I have a RPC service, it will spawn lots of tasks(about 100) doing jobs when request come(about 2000qps). I perfed it and found cpu cost much in tokio::runtime::task::list::OwnedTasks<S>::bind_inner and tokio::runtime::scheduler::multi_thread::worker::<impl tokio::runtime::task::Schedule for alloc::sync::Arc<tokio::runtime::scheduler::multi_thread::handle::Handle>>::release.
Any idea to optimize this? What I can think is maybe make a task pool to reuse?
Clarification: You are spawning 100 tasks per request?

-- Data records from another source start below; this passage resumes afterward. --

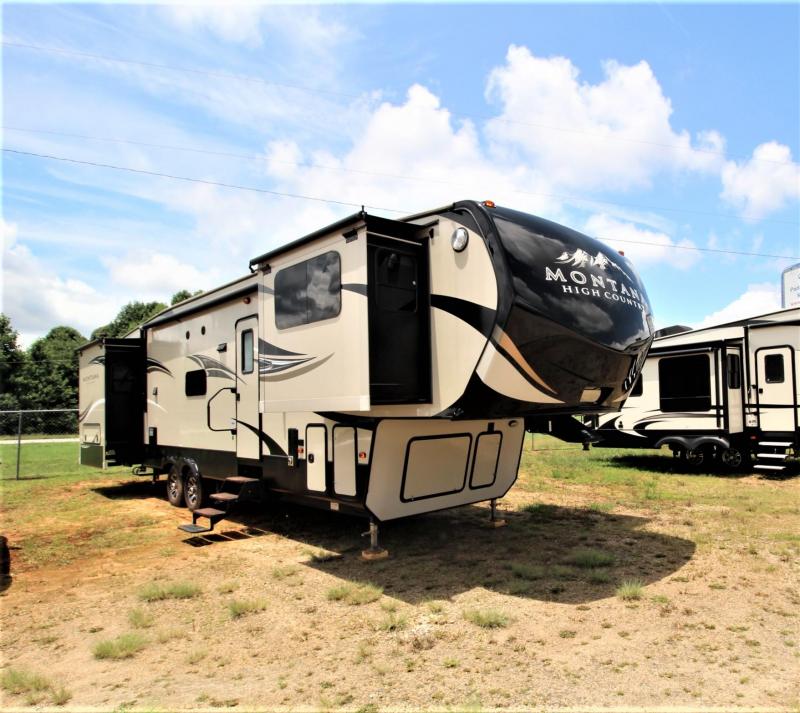 2016 Keystone RV Montana High Country 375FL Fifth Wheel Campers RV 2016 Keystone RV Montana High Country 375FL Fifth Wheel Campers RV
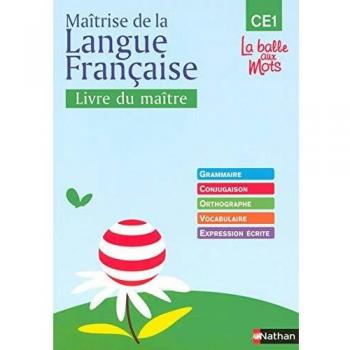 Maîtrise De La Langue Française Ce1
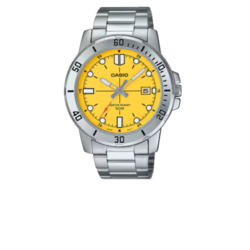 Casio Gents,MTP-VD01D-9EVUDF, steel, waterproof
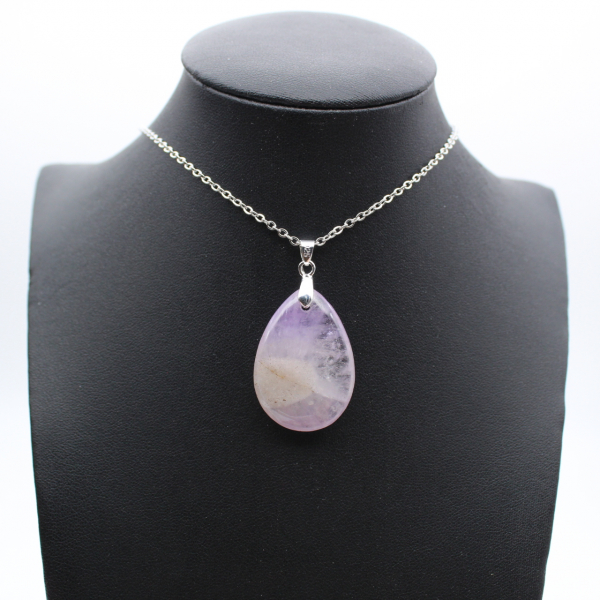 Amethyst Pendant - Pure Mineral Jewelry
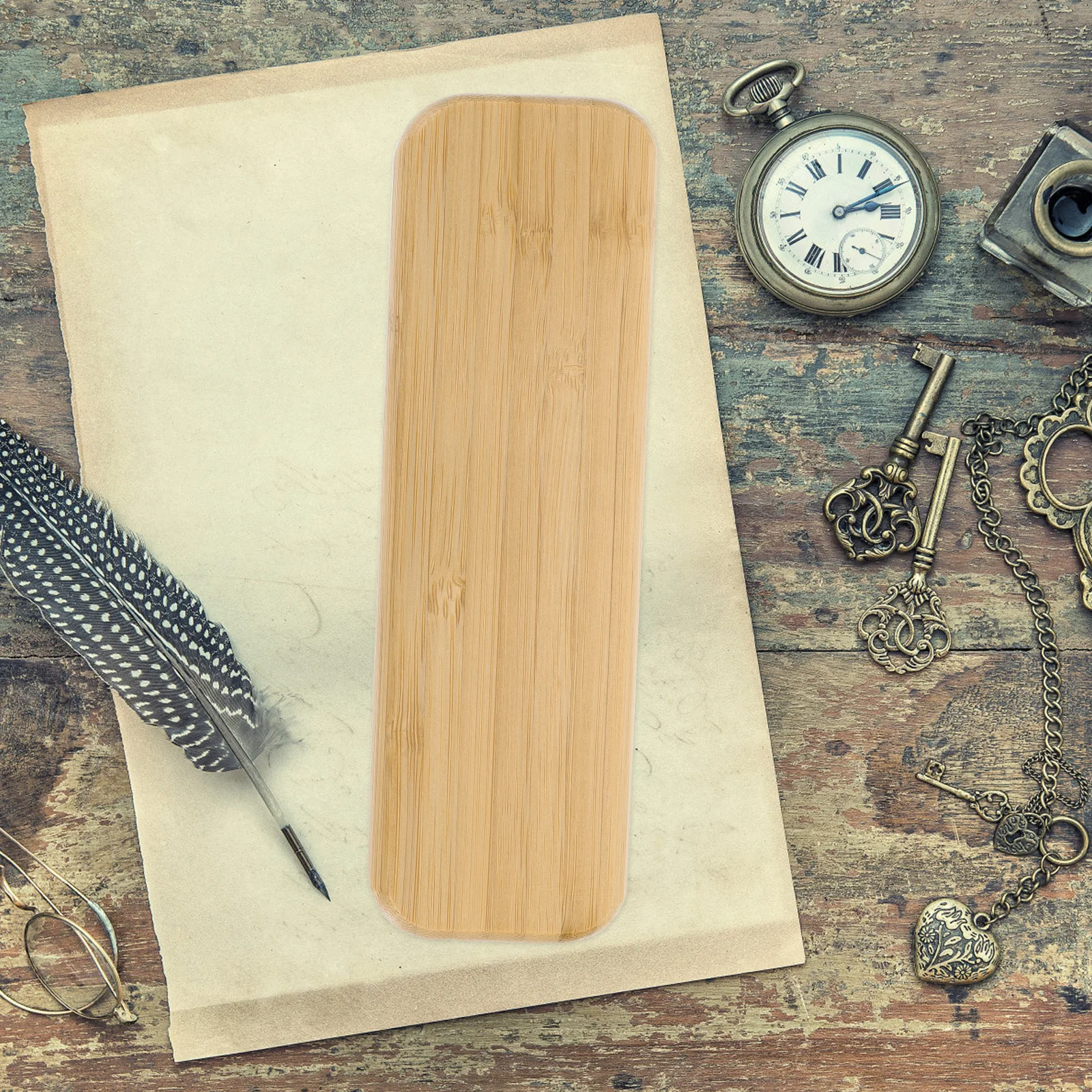 1Pcs Pen Box Wooden Natural Color Compact Design Pen Case Student Stationery Organizer Gift Packaging Box Office Supplies
1Pcs Pen Box Wooden Natural Color Compact Design Pen Case Student Stationery Organizer Gift Packaging Box Office Supplies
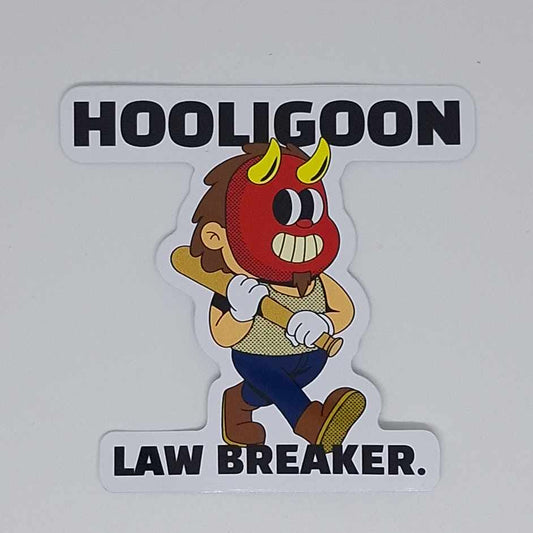 Law Breaker - Sticker - V1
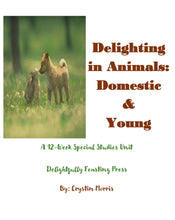 Load image into Gallery viewer, Delighting in Animals: Domestic &amp; Young (PDF)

It sounds like you have too many tasks, so that the overhead of task management is greater than the work each task is doing. You should try to make fewer tasks which each do more of the work. If it's not clear how to do that, show us your code.
I think you are right. The task spawned is doing much less work and mostly sync code. But I want the maximum parallel, should I use the rayon thread pool to do this? If do so, I need to find a way to communicate between sync and async.
Is this program intended to run on CPU with ~100 cores? Also, is it important to spin all the cores even with single request?
Keep in mind that synchronization itself can be quite costly, often more costly than the actual logic. Sometimes make things parallel can slow the job down in wall clock time by involving more synchronization work than parallelization gain.